** The task **
Would you retype, word for word, only the lines from the one holding "Leafeon is a" through the final line of the entries below, without the pictures?

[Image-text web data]
- - -

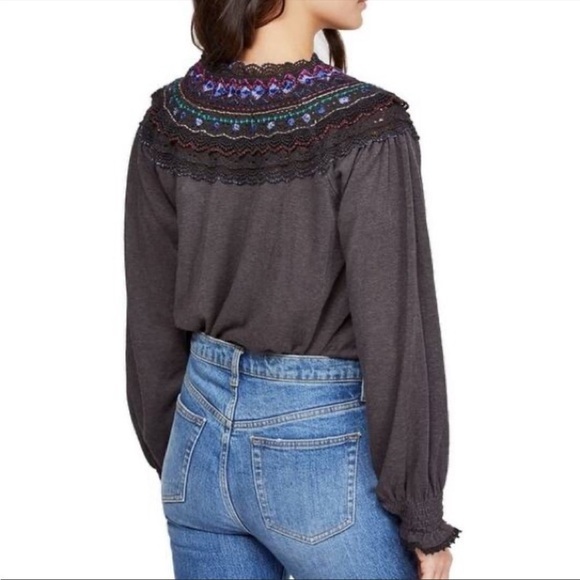 Free People Siesta Fiesta Top Embroidered
Henley Shirt Dark Grey Sz XS - Picture 2 of 12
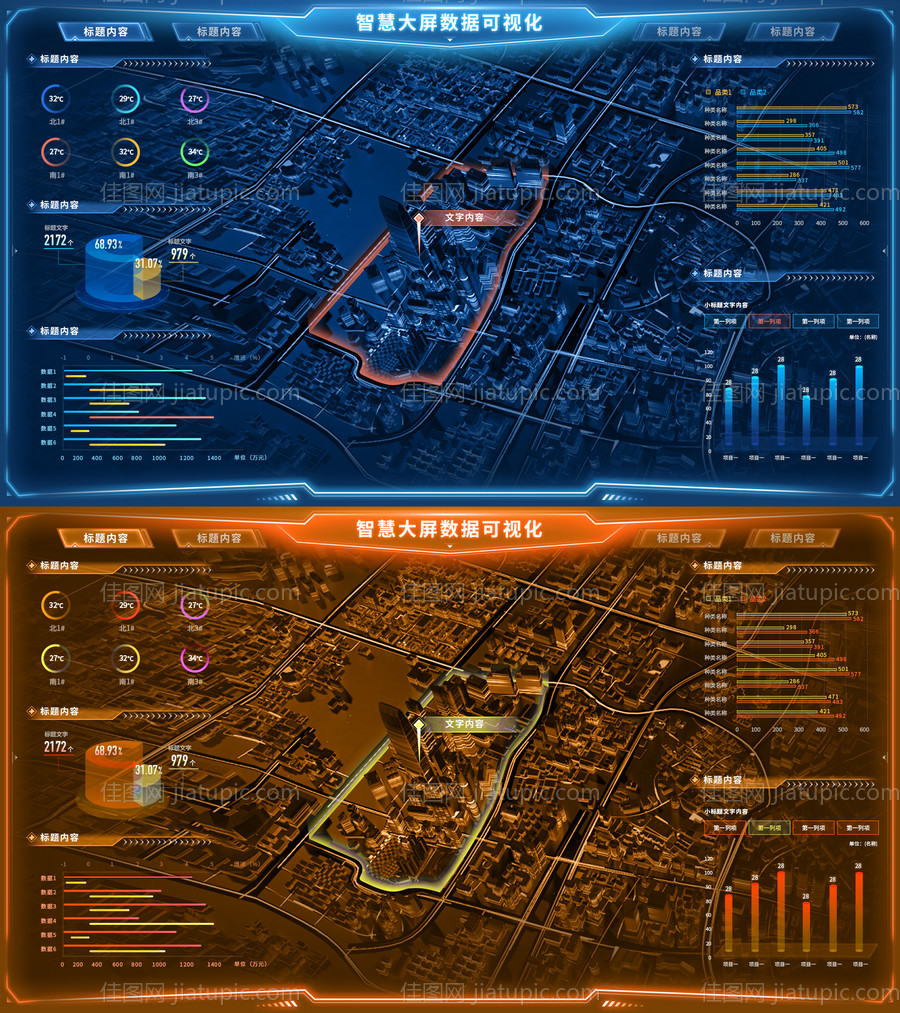 科技蓝数据可视化大屏后台UI设计-源文件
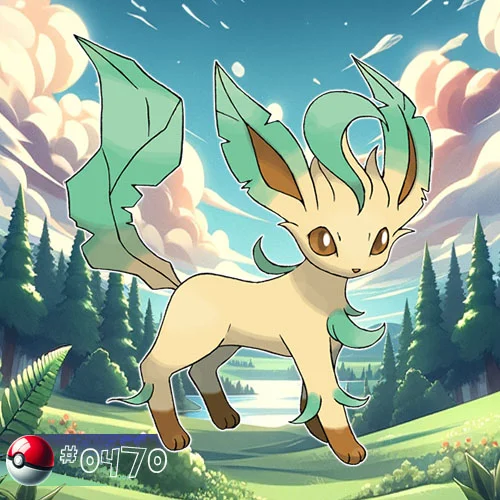 Leafeon is a green, fox-like Pokémon with leafy ears and a bushy tail.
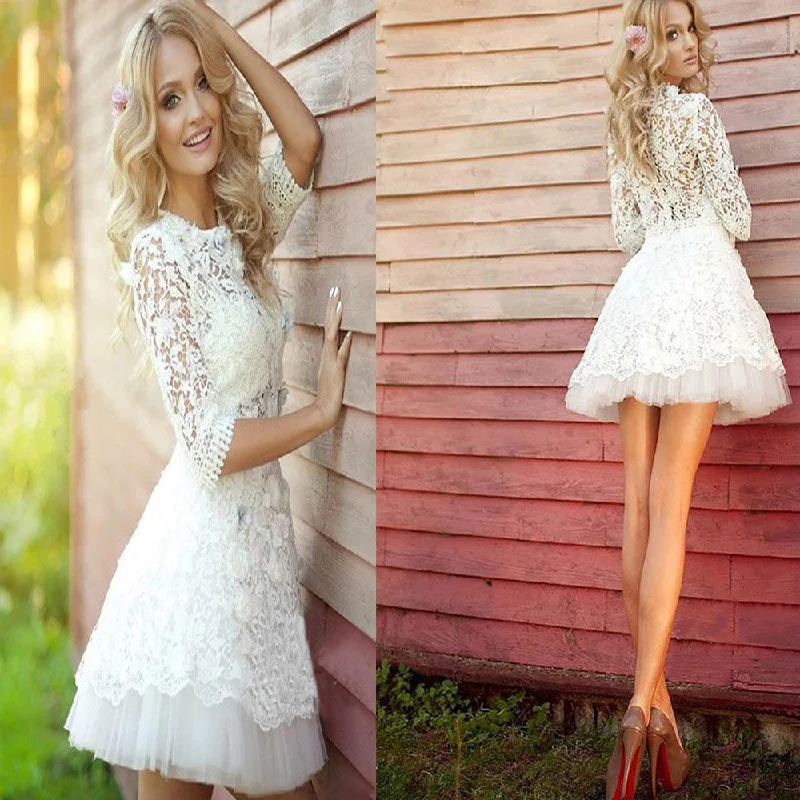 2016 popular long sleeve Lace see through cute homecoming prom dress,BD0001 Tunics Trendy modern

- - -

** Your solution **
 Leafeon is a green, fox-like Pokémon with leafy ears and a bushy tail.
 2016 popular long sleeve Lace see through cute homecoming prom dress,BD0001 Tunics Trendy modern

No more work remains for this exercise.